Tuesday, November 22, 2005

AIRPLANE SALES

Boeing just experienced 5 years of double didget declines in airplane sales. According to Morningstar, the decline has been better than 11% componded for 5 years. The good news for BA is that it that the decline is distributed half to defense contractors and half to airplane builders.

Morningstar projections for the next 5 years are for sales increases of 8 or 9% compounded. Based on the announcements coming out of the Dubai Air Show, Boeing is jump starting this growth phase. New sales include 40 planes to Arab Emerants and a total of 157 to China.

In the last cycle, BA stock did extremely well through 1997. The significant down-turn during the recession of 1990-91 was finally washed out by 1997. As with all industry, production grows until demand is saturated and there has to be a digestion period.

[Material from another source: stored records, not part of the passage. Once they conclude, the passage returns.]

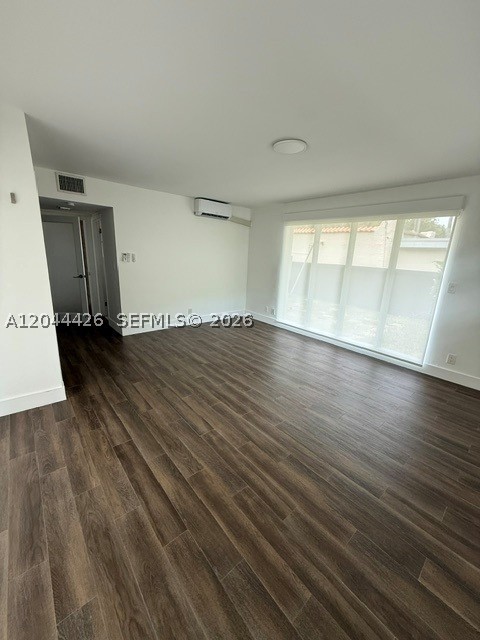 1047 NE 84th St, Miami FL 33138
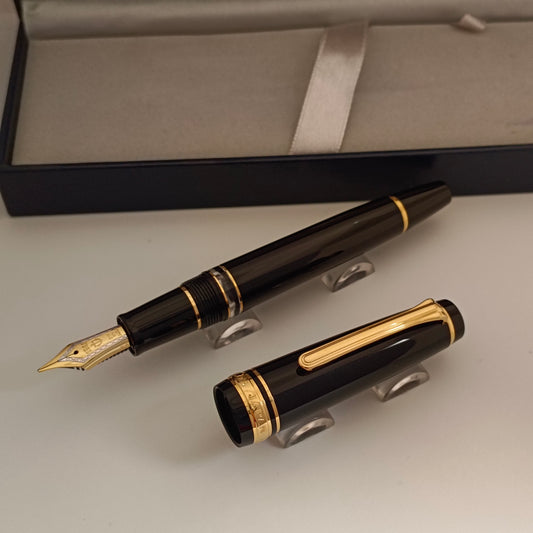 Sailor Professional Gear Realo Black Fountain Pen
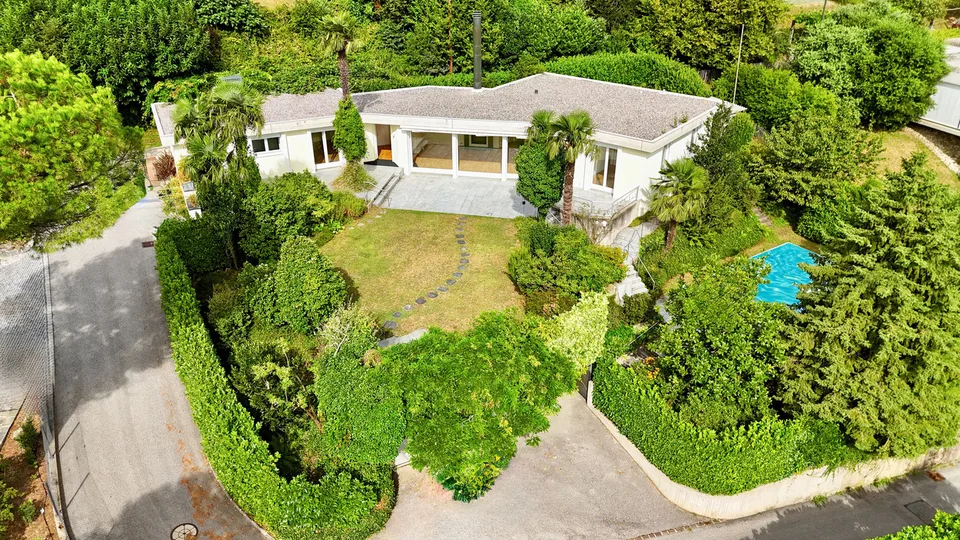 Villa con Piscina e Vista sul Lago di Lugano e Montagne Corcostastanti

BA stock has already done extremely well during this cycle having come from $24 in 2003 to $69 in 2005. The cycle is not nearly over but one must remember that the stock cycle leads the economic cycle. One does not want to wait until earnings peak to buy the stock.

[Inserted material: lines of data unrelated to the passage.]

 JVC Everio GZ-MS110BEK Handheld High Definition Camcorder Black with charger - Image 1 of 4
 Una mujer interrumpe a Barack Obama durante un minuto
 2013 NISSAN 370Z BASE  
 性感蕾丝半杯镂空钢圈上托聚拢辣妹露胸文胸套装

Me nor my family own the stock but as owners of AMR,CAL and LCC we watch as interested parties. We know business travel demand has pushed current capacity to its limits. Load factors around the world are at historic peaks. Demand for flights to and from China continues to grow at double digit rates.

The environment for making money in the airline business is about as good as it will ever get; soaring business demand and rapidly declining costs. The fly in the ointment will eventaully be when capacity overwhelms demand. I know that it will take years to fill the plane orders that Boeing signed this week. For the next three years, fares will rise and load factors will stay high.

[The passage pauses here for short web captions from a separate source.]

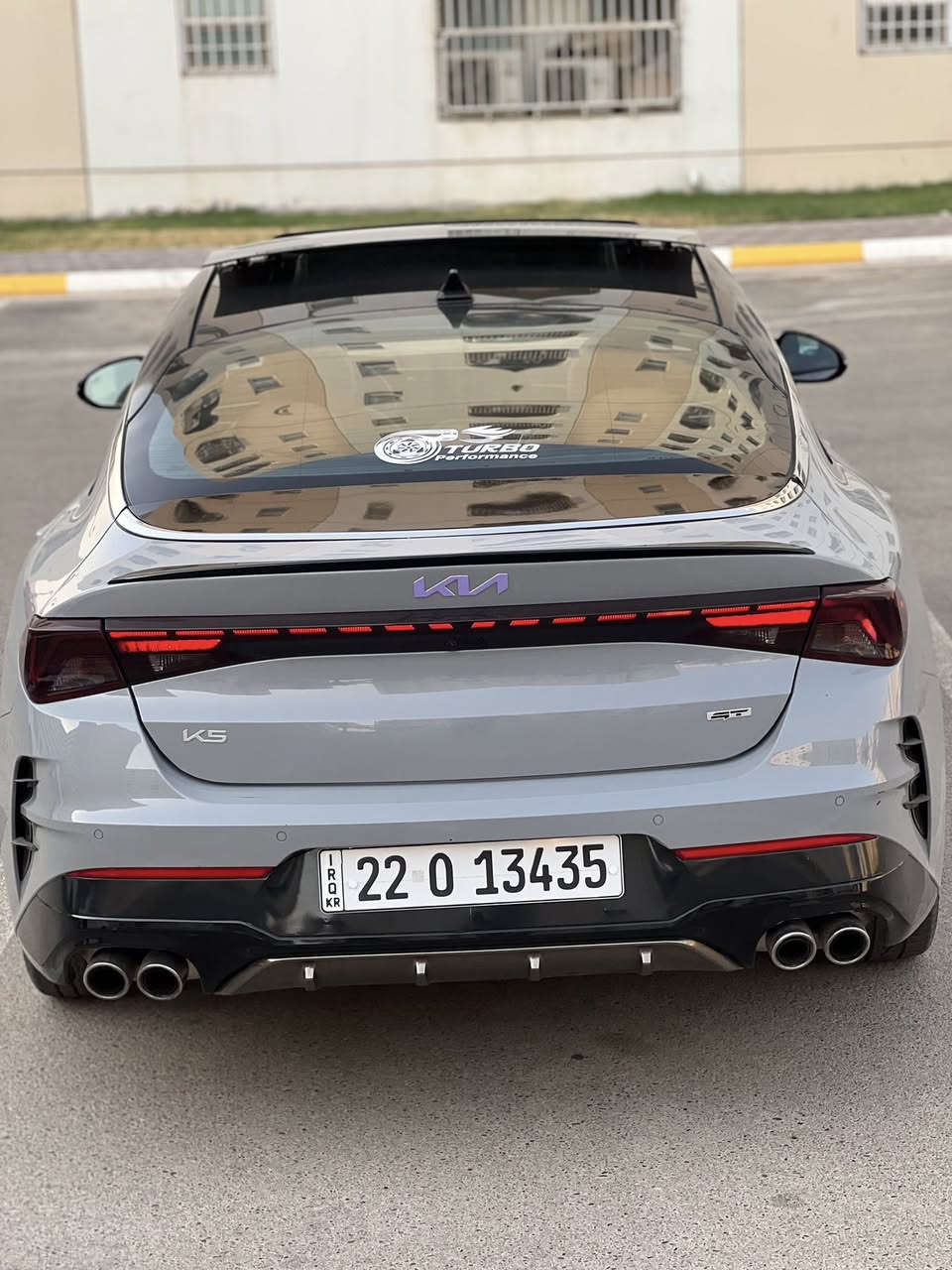 K5 GT 2500 turobo
موديل 2024 

كي فايف GT فول مواصفات 2500 تيربو داخل جلد اصلي جملي  

رقم اربيل تريد وكالة تريد تحويل  سنوية 2030 
هزة تنتهي 30/5/2026 

عداد المسافة 24 الف ميل حقيقي
المواصفات:-
بصمة تشغيل عن بعد وبصمة الابواب مع الصندوق

لايت امامي امريكي بلادي  عدسات 3 كل جهة انارة فول + ليد برتقالي +بكلايت لد على طول المسطرة + سكن جانبي 

انارة داخلية للغرفة ثلجي led تاج ع لمس للسائق والراكب والخلفي 

شحن وايرليس و4 منافذ usb و type-c

4 أنظمة قيادة  ( نورمال  + سبورت + سبوت بلاص✈️+ كوستم ) 

4 كاميرات دواره 360 درجة  

تايرات بيرلي وبرجستون( رن فلات ) تتحمل سرعة 300 
‏km

بريكات ودسكات Gt فج كبير عدد 4 مخصص للسرعات العالية 

كشنات كهرباء جهتين فول تحكمات للسائق والراكب مع وسادة الضهر   

تدفئة وتبريد الكشنات + تدفئة ستيرن +
خزن وضعيات قيادة سيتات بالباب

رادارات امامي وجانبي +قيادة ذاتية + تحديد مسار + كروس سرعة 

تنبيه عند فتح الباب و نقطة العمياء 

توقف ذاتي عند الرجوع ورجاج ستيرن

صندوق ذكي يفتح عند الاقتراب في 3 ثواني  

نظام اوكس وبلوتوث وجي بي اس قابل للتحديث

تبريد قطعيتن منفصل النظام مع تبريد خلفي 

نظام ترحيب عند الاقتراب مع مري شفط 

دبل جام يعني عزل فول + جام اوتو عدد 4 
بضغطه واحدة تصعد الجامة وتنزل 

نظام صوت Boss صوت عالي جداً 9 سماعات

مري قلاب عنده الرجوع + مري شفط 

شحن موبايل وايرليس 

حساس ضغط الاطارات رقمي بالدشبول 

حساس امامي وخلفي عدد 8 حساسات 

سيارة عليها فلتر شوتة ماركة KN الرياضية 300 حصان 

وبعد بيها هواي مواصفات  

السيارة مكفولة من من تعديل سنتيم واحد بالشواصي والدواخل واللغود
 ///كير مكينة شرط برغي ممفتوح بيها ///

بيها فقط بنيد ودعامية صبغ وصندوق معدل pdr ممبين وبانوراما جديدة مبدلة زيرو وكالة 
ايرباك ستيرن فقط 
سعر 210$ وبي مجال بسيط 

مكاني بغداد الكرادة 
رقمي ***********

Before the peak in airline stock prices, there will be many an article posted about the tremendous turn the airline business has made. Of course, we don't currently know if DAL, NWAC and others will survive bankruptcy court. The more capacity whitled away during court, the more profits will be made over the next sereral years.

Planes sold by DAL and NWAC will go into service with other carriers. Gradually these old planes will be sent to the parts graveyard. Airbus and BA are ready to build new but DAL and NWAC are not the only carriers around that need to retire old stock. Capacity growth will be slow at first. Again, the next three years should be a very profitable time in the airline business. The cycle could last longer and it will take discipline to start scaling out long before the peak is reached.